Let me start off by saying that Constitutional Amendment A does not have anything sinister or devious in it. In fact, there is very little in it to raise objections about. My primary objection is rooted in my position on constitutionally based governments in which I prefer to reject any amendment to the established law unless I see good reason for the change – in other words, I default to opposition where constitutional amendments are concerned.
This amendment would clarify the specifics of succession in the office of Governor and Lieutenant Governor. The specifics themselves are fairly mundane, but the situation being addressed is one that hopefully and probably will never occur. (Davis Didjeridu reminds me that a vacancy can happen for less than tragic reasons – such as federal appointment – making this situation more common than I had been thinking.) In the event that one of those vacancies did occur, common sense should allow the succession to happen seamlessly even without these specified specifics being added to the State Constitution.

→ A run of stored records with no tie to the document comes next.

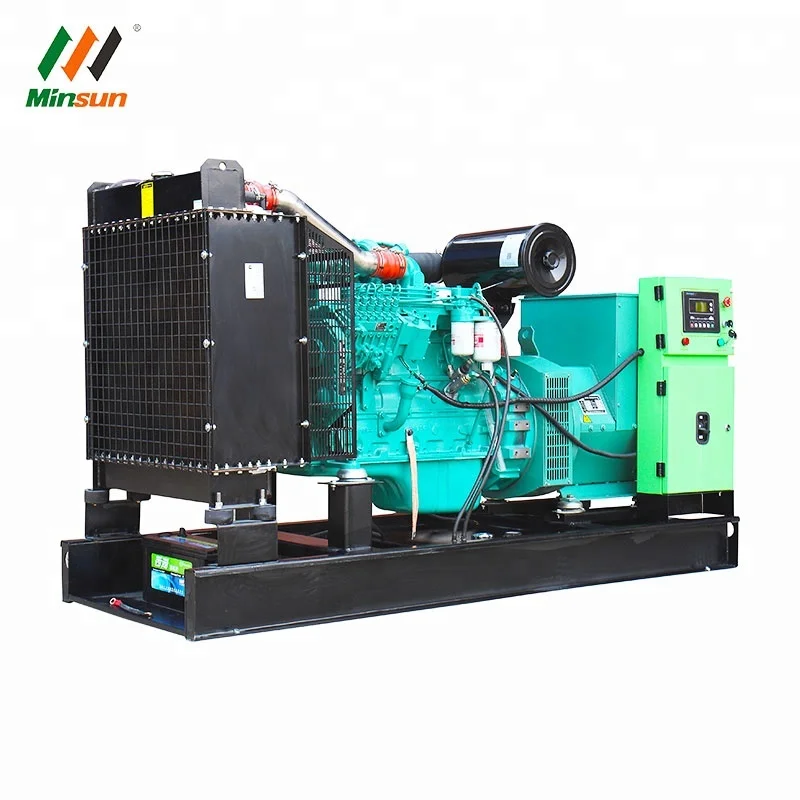 Japan Kubota Diesel Generator Set 30kw 300kw Buy Kubota Diesel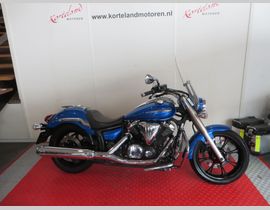 Yamaha XVS 950 A Midnight Star 2012 occasion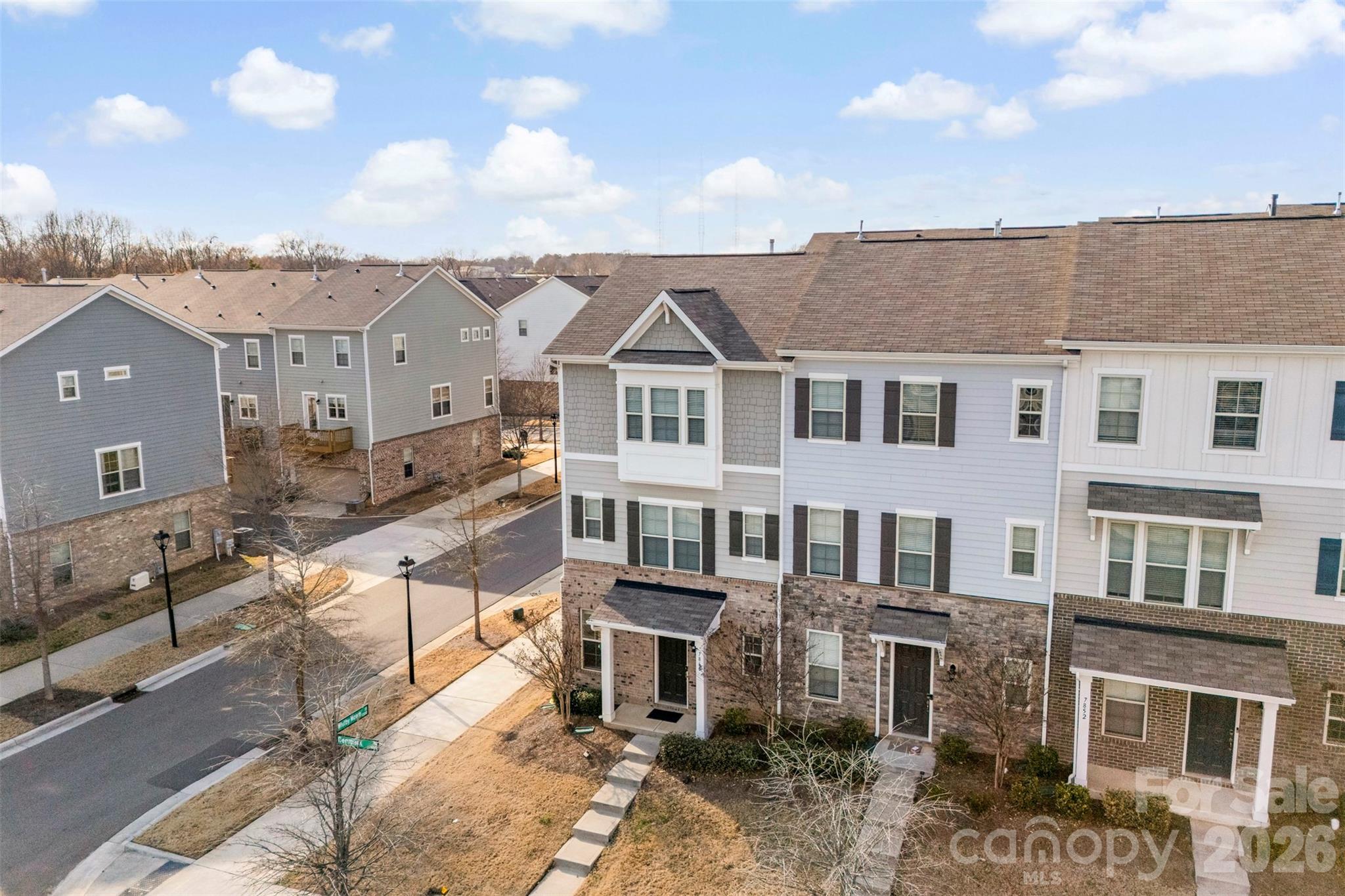 7860 Denmark Road, Charlotte NC 28273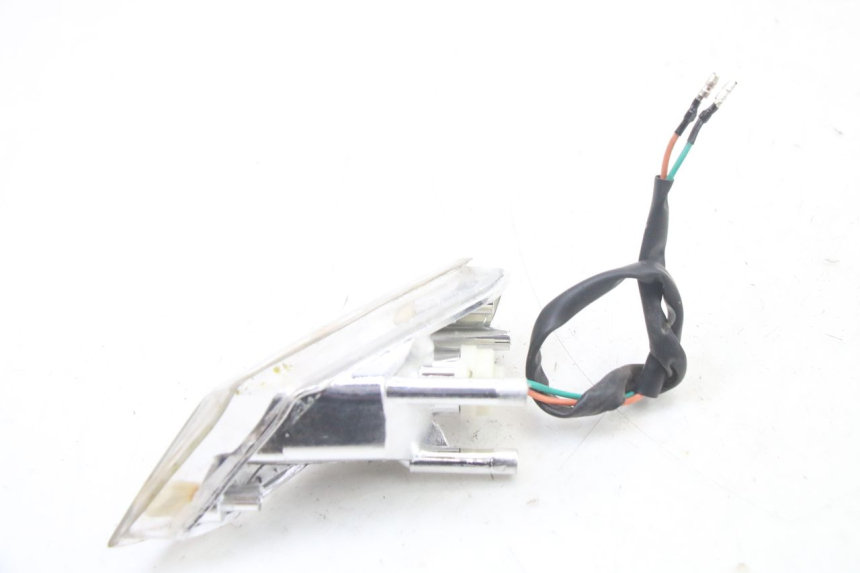 photo de LEWY PRZEDNI KIERUNKOWSKAZ KYMCO AGILITY 4T 50 (2018 - 2022) - Zoom stanu zużycia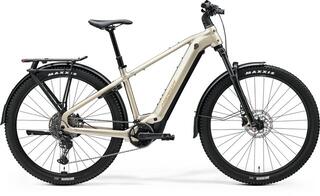 Merida eFLOAT CC 500 EQ 800WH, perf. CX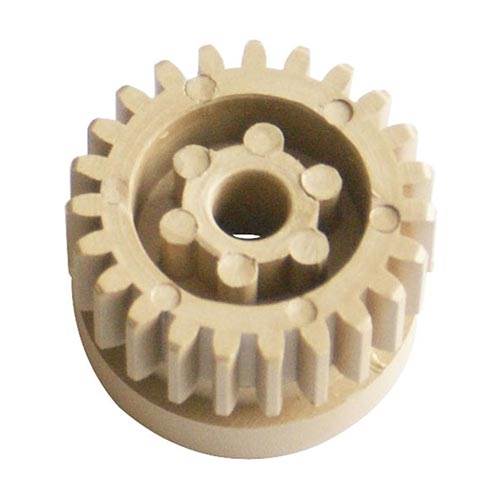 RS6-0506-000 OEM Fuser Gear 23T for the Hewlett Packard LaserJet 8100 / 8150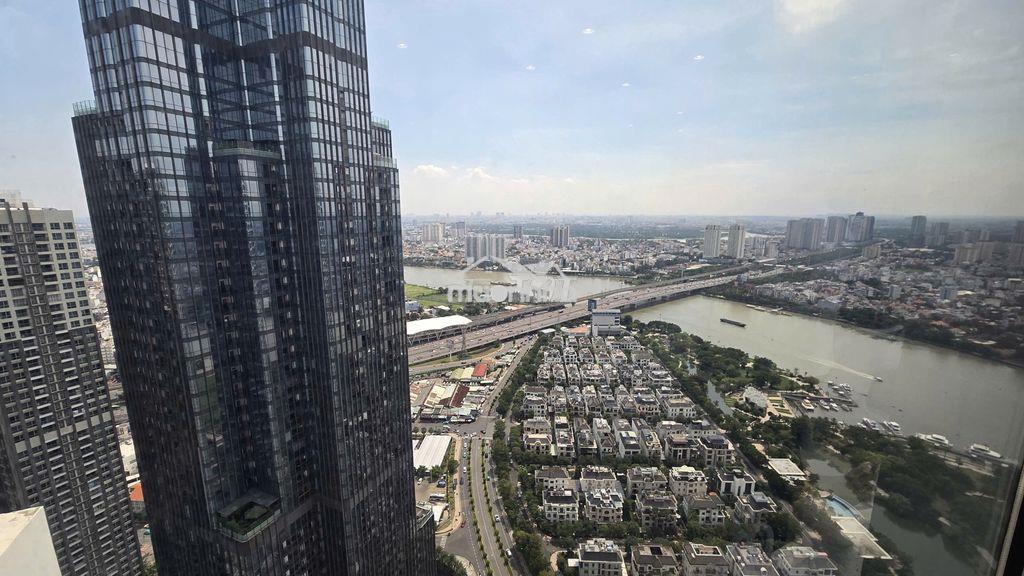 Bán penthouse vinhomes central park – landmark 1 | 300m² | 4pn | - 2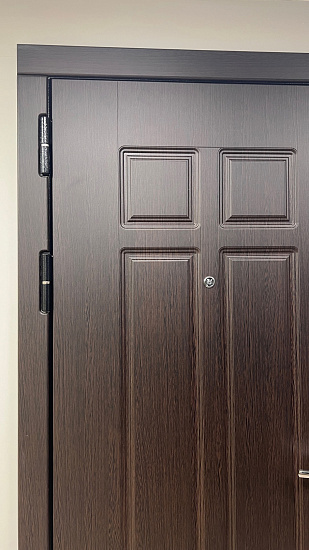 Входная дверь  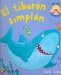 El Tiburon Simplon / the Gullible Shark cover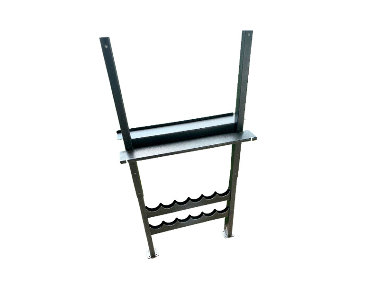 Obut Soporte marcador puntos petanca 2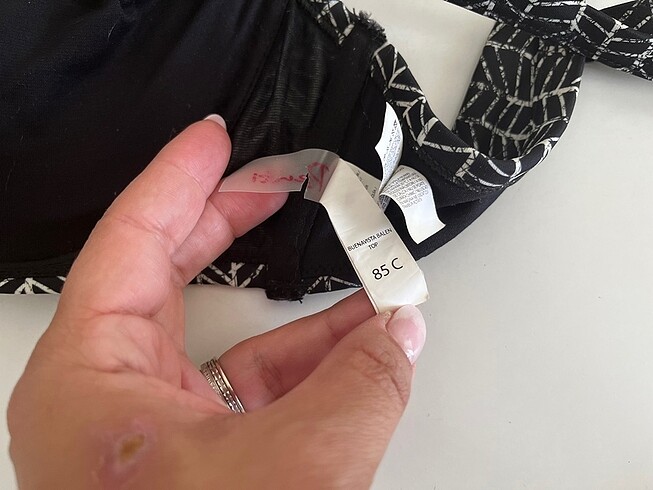 Penti Bikini üst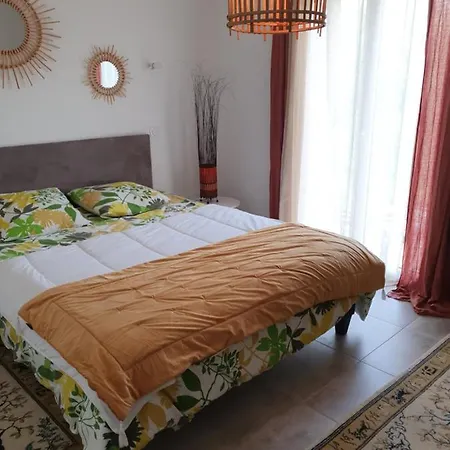 Charmante maison cocooning Hébergement de vacances *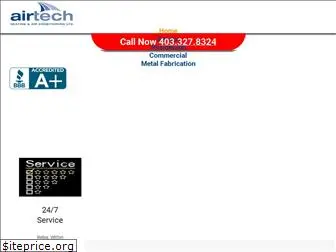 airtechgroup.ca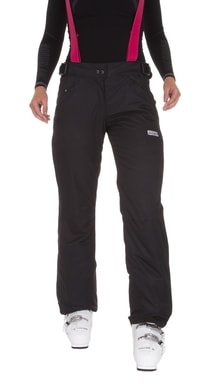NORDBLANC NBWP3846A CRN BLISS - women's winter trousers
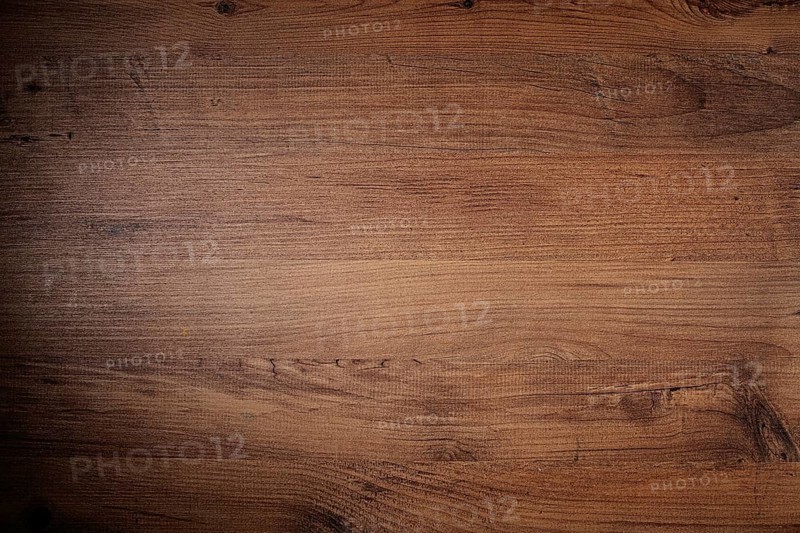 Wooden background, table texture, top view, no people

There is one place where I have a specific objection to the amendment. In the section dealing with the succession of the Lieutenant Governor, it specifies that the Governor must receive the consent of the Senate for the person they would appoint to fill the vacancy. This appears to violate the separation of powers considering that the Governor, when running for office, needs no consent from the Senate when picking a running mate. I see no reason that selecting a replacement should have tighter safeguards than the original selection.
In summary, there is little to recommend this change, and more to discourage it. I won’t be overly concerned if it does pass, but I believe that not making such a change is the better choice.